The two main sub-types of far-left politics are called "the radical left" and "the extreme left". The first desires fundamental changes in neoliberal capitalism and progressive reform of democracy such as direct democracy and the inclusion of marginalized communities, while the latter denounces liberal democracy as a "compromise with bourgeois political forces" and defines capitalism more strictly. Far-left politics is seen as radical politics because it calls for fundamental change to the capitalist socio-economic structure of society.

March and Mudde say that far-left parties are an increasingly stabilized political actor and are challenging mainstream social democratic parties, defining other core characteristics of far-left politics as being internationalism and a focus on networking and solidarity, as well as opposition to globalization and neoliberalism. In his later conceptualization, March started to refer to far-left politics as "radical left politics", which is constituted of radical left parties that reject the socio-economic structures of contemporary society that are based on the principles and values of capitalism.

Radical left parties 
In Europe, the support for far-left politics comes from three overlapping groups, namely far-left subcultures, disaffected social democrats, and protest voters—those who are opposed to their country's European Union membership. To distinguish the far left from the moderate left, Luke March and Cas Mudde identify three useful criteria:
 Firstly, the far left rejects the underlying socio-economic structure of contemporary capitalism.
 Secondly, they advocate alternative economic and power structures that involve the redistribution of income and wealth from political elites.
 Thirdly, they are internationalists, seeing a causality between imperialism and globalization, and regional socio-economic issues.

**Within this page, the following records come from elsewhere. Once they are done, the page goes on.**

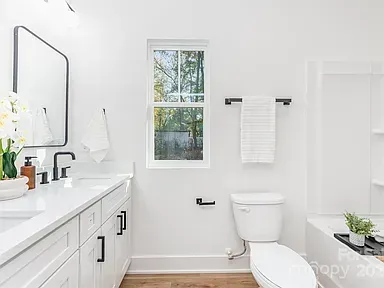 Bright white bathroom with vanity sink, toilet, window, towel rack, and potted plant.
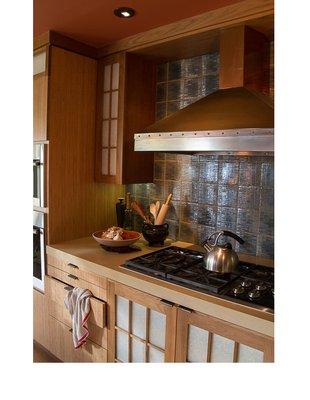 The Fong kitchen has a combination of shoji doors, with some backlit and bamboo faces on cabinets.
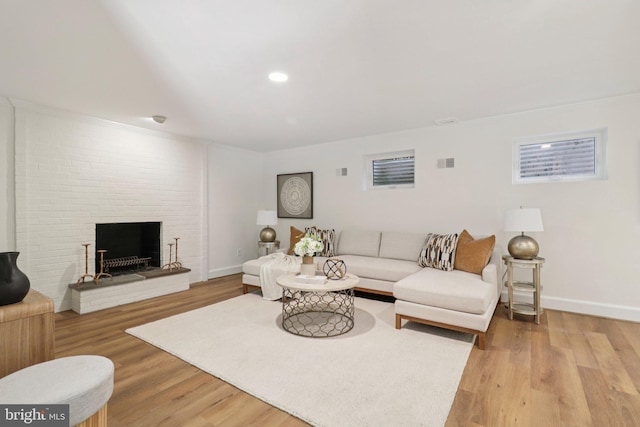 3233 Ellicott St NW, Washington, DC 20008 - living area featuring light wood-style floors, baseboards, a brick fireplace, recessed lighting, and ornamental molding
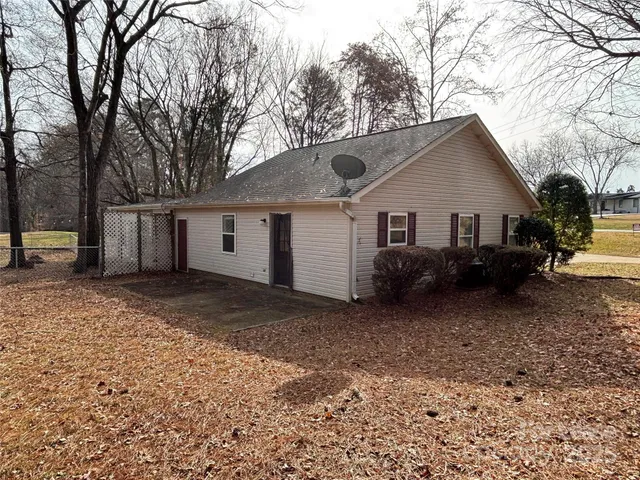 a view of a house with a yard covered in snow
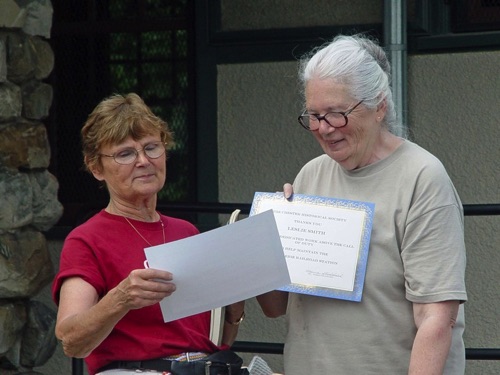 2008-06-14 Society Secretary, Norma presents award to Leslie, who handled most of the pricing throughout year in preparation of the annual yard sale. DSC04150a.jpg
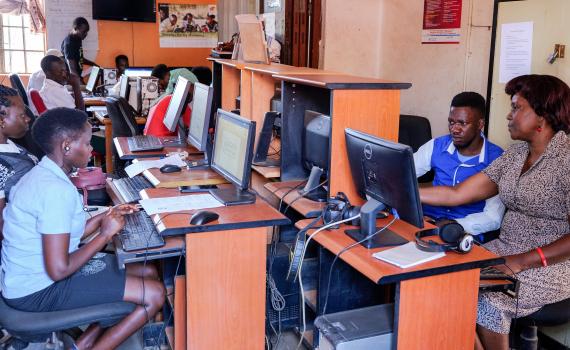 People in Mbale Public Library in Uganda, learning how to use computers. 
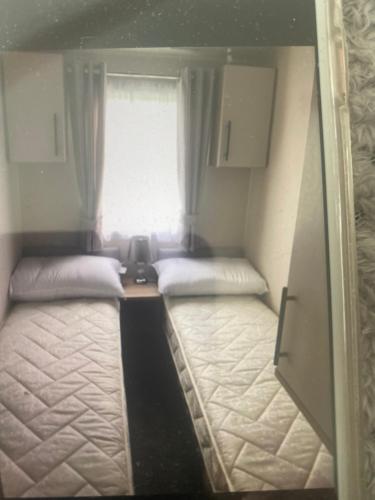 two beds in a small room with a window at Montrose 25 in Turnberry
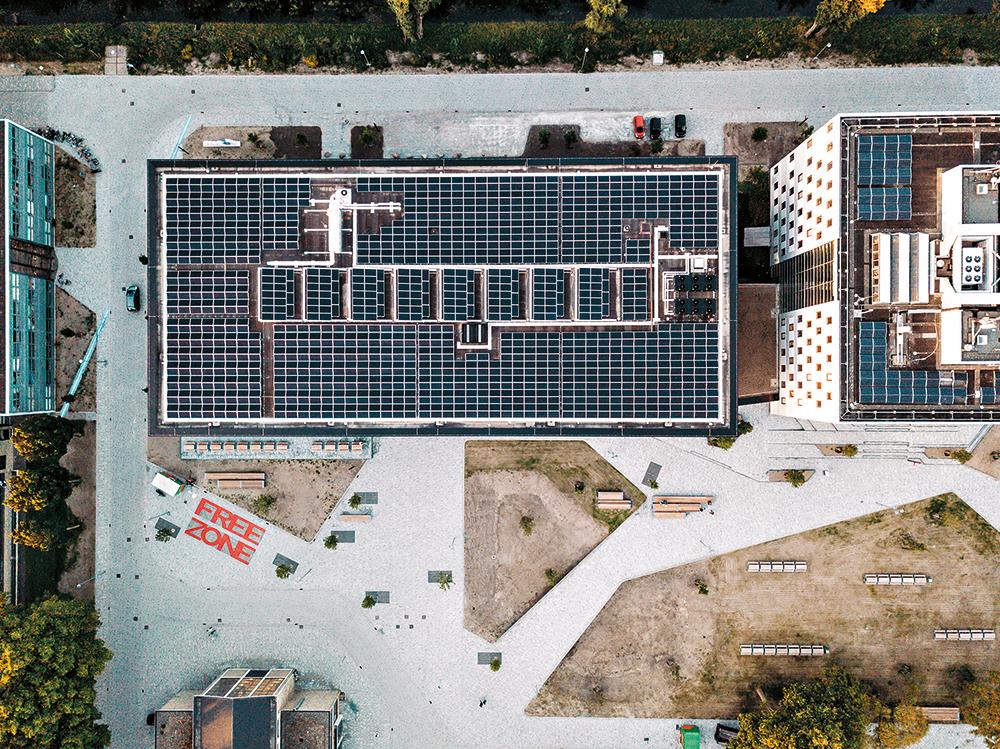 Auf dem Flachdach und den mittigen Sheds befinden sich 1200 PV-Paneele. Die Sheds versorgen den Mittelflur im obersten Geschoss und das Foyer mit Tageslicht.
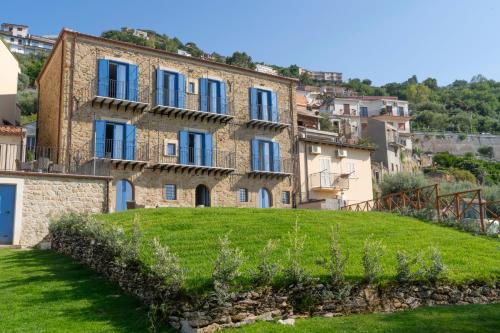 an old stone building on a hill with grass at Villa Vincenza Deluxe Rooms in Capo dʼOrlando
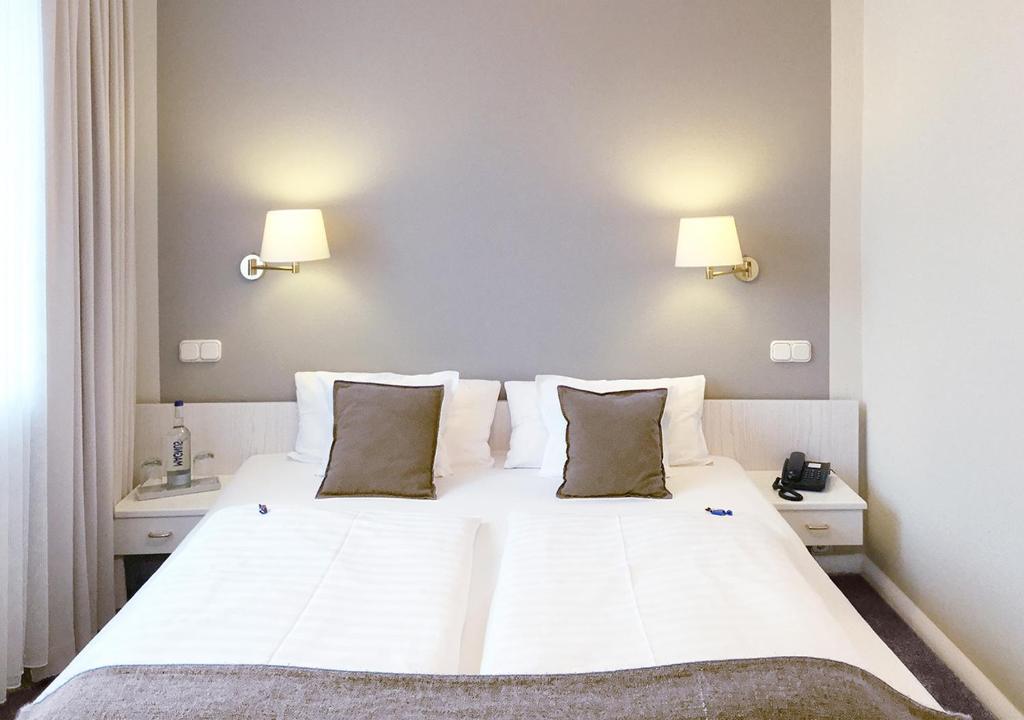 Postel nebo postele na pokoji v ubytování Hotel Ancora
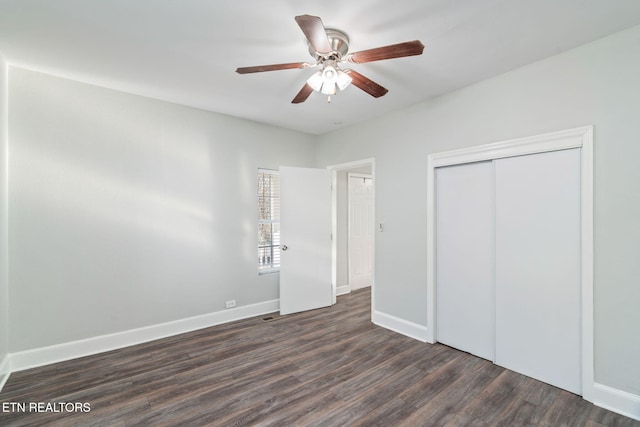 unfurnished bedroom featuring dark wood-style flooring, a closet, a ceiling fan, and baseboards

Other scholars classify the far left under the category of populist socialist parties. Vít Hloušek and Lubomír Kopeček of the Masaryk University at the International Institute of Political Science suggest secondary characteristics, including anti-Americanism, anti-globalization, opposition to NATO, and in some cases a rejection of European integration.

March states that "compared with the international communist movement 30 years ago, the far left has undergone a process of profound de-radicalization. The extreme left is marginal in most places." March identifies four major subgroups within contemporary European far-left politics, namely communists, democratic socialists, populist socialists, and social populists. In a later conception of far-left politics, March writes: "I prefer the term 'radical left' to alternatives such as 'hard left' and 'far left', which can appear pejorative and imply that the left is necessarily marginal." According to March, the most successful far-left parties are pragmatic and non-ideological.

According to political scientist Paolo Chiocchetti, radical left parties have failed to concretize an alternative to neoliberalism and lead a paradigm shift towards a different path of development model, despite electoral gains in the 2010s; when they were in government, such parties were forced to put aside their strong anti-neoliberalism and accept neoliberal policies, either proposed by their larger allies or imposed due to the international context. This view is also shared by Mudde, as well as political scientist Yiannos Katsourides, in regards to SYRIZA. Historian Gary Gerstle writes that in the neoliberal era, with the Fall of Communism, the globalization of capitalism, and the end of any imperative for compromise between the capitalist class and the workers in the Western world, the far left has been rendered largely powerless and no longer feared by ruling elites.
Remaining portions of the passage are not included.